(STORED DATA):

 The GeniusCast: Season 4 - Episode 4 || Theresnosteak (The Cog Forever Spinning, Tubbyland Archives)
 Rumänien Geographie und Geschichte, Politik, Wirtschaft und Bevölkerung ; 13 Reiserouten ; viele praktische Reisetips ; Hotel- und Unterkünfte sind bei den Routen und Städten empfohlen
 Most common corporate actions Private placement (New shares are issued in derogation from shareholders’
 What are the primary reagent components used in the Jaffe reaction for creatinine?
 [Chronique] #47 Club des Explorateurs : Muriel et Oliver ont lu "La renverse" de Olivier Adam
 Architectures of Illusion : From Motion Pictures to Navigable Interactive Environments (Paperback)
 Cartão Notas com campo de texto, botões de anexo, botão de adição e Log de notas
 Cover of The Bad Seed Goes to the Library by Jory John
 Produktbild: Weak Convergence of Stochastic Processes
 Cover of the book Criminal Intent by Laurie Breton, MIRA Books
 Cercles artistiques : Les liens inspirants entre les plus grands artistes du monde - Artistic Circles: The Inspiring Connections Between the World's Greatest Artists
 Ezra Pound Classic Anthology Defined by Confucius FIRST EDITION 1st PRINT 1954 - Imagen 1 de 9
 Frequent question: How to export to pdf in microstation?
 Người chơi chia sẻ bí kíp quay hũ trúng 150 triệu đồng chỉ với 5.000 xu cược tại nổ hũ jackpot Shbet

--

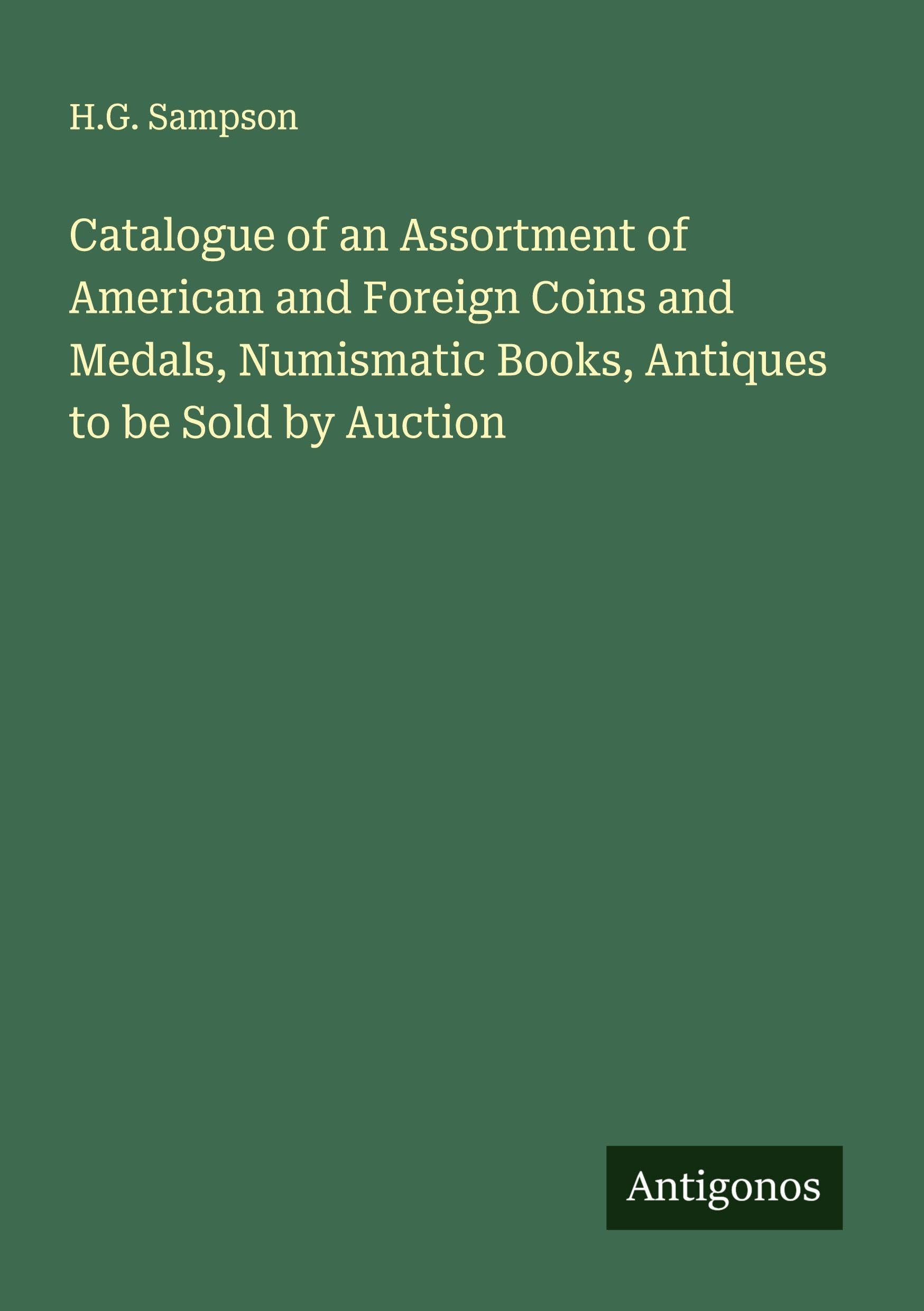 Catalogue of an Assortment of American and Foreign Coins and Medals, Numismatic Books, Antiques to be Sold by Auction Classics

(THE TASK):
Please, from the material above, copy only the lines from the line with "Rumänien Geographie und" up to and including the line with "Cartão Notas com", exactly as written.

(RESULT OF THE EXERCISE):
 Rumänien Geographie und Geschichte, Politik, Wirtschaft und Bevölkerung ; 13 Reiserouten ; viele praktische Reisetips ; Hotel- und Unterkünfte sind bei den Routen und Städten empfohlen
 Most common corporate actions Private placement (New shares are issued in derogation from shareholders’
 What are the primary reagent components used in the Jaffe reaction for creatinine?
 [Chronique] #47 Club des Explorateurs : Muriel et Oliver ont lu "La renverse" de Olivier Adam
 Architectures of Illusion : From Motion Pictures to Navigable Interactive Environments (Paperback)
 Cartão Notas com campo de texto, botões de anexo, botão de adição e Log de notas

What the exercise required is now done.